# Aim of the task
Exactly the lines below starting at the line with "Внедорожник / Кроссовер Audi e-tron 2020 в" and ending at the line with "Flexliving - - Augereau Holiday home" are wanted, with both ends included. Leave out the pictures and add no other lines.

START Listed records

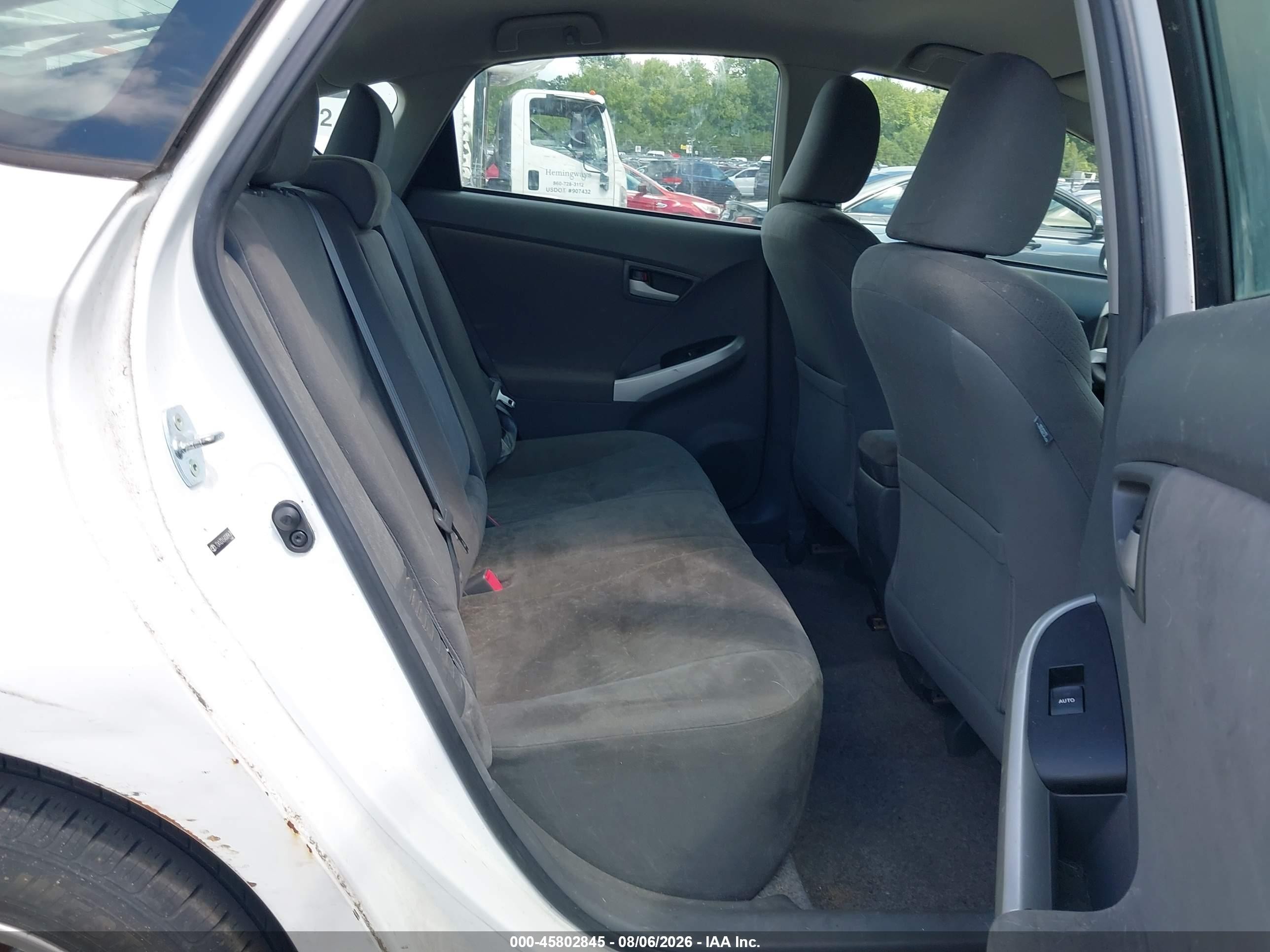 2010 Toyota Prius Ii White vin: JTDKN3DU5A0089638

END Listed records
START Listed records

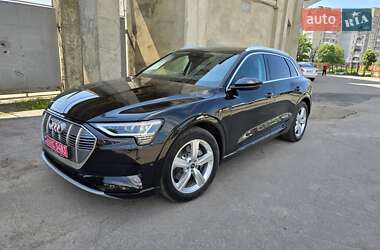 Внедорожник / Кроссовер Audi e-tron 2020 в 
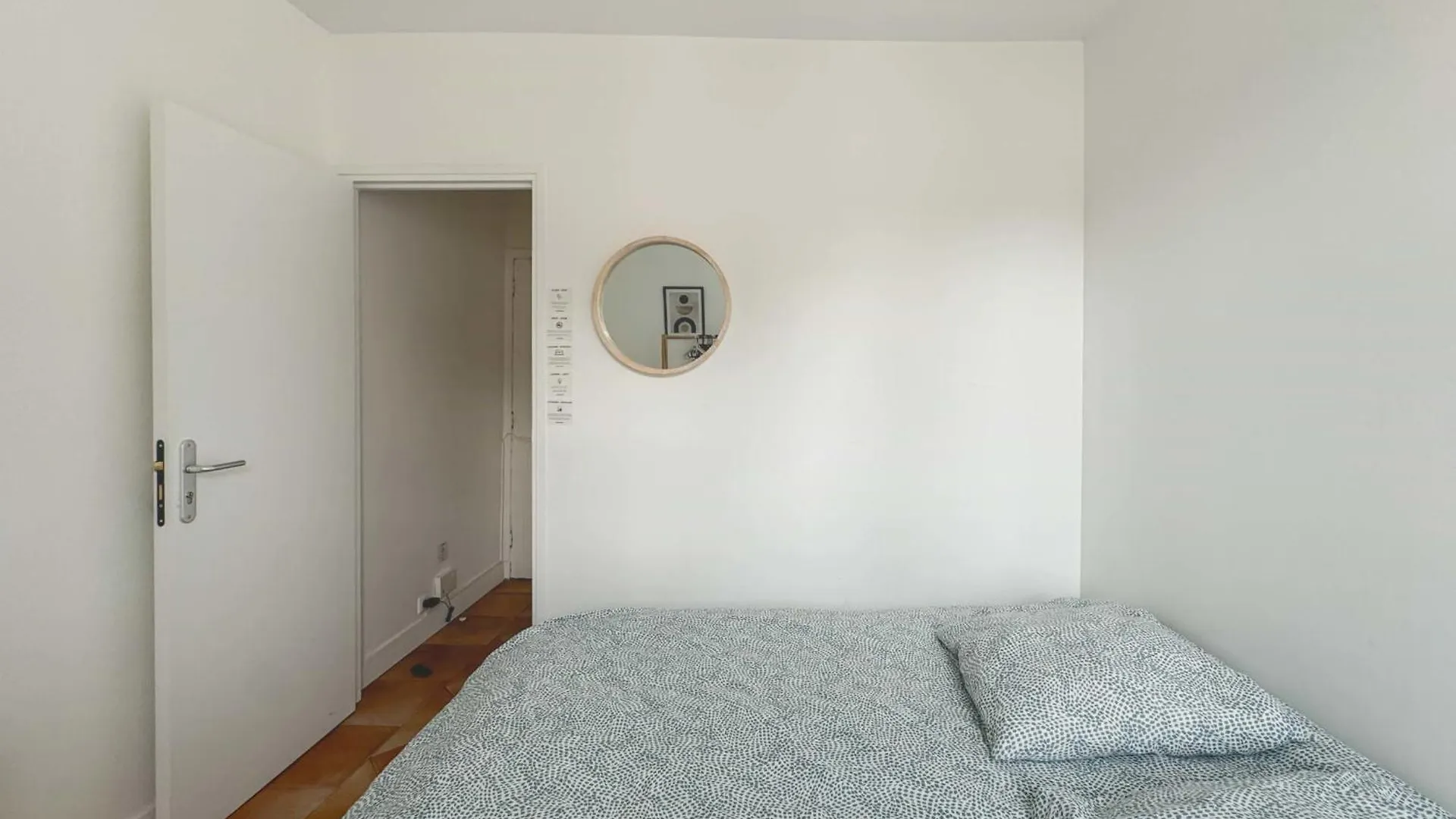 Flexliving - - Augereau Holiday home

END Listed records

# Answer below
 Внедорожник / Кроссовер Audi e-tron 2020 в 
 Flexliving - - Augereau Holiday home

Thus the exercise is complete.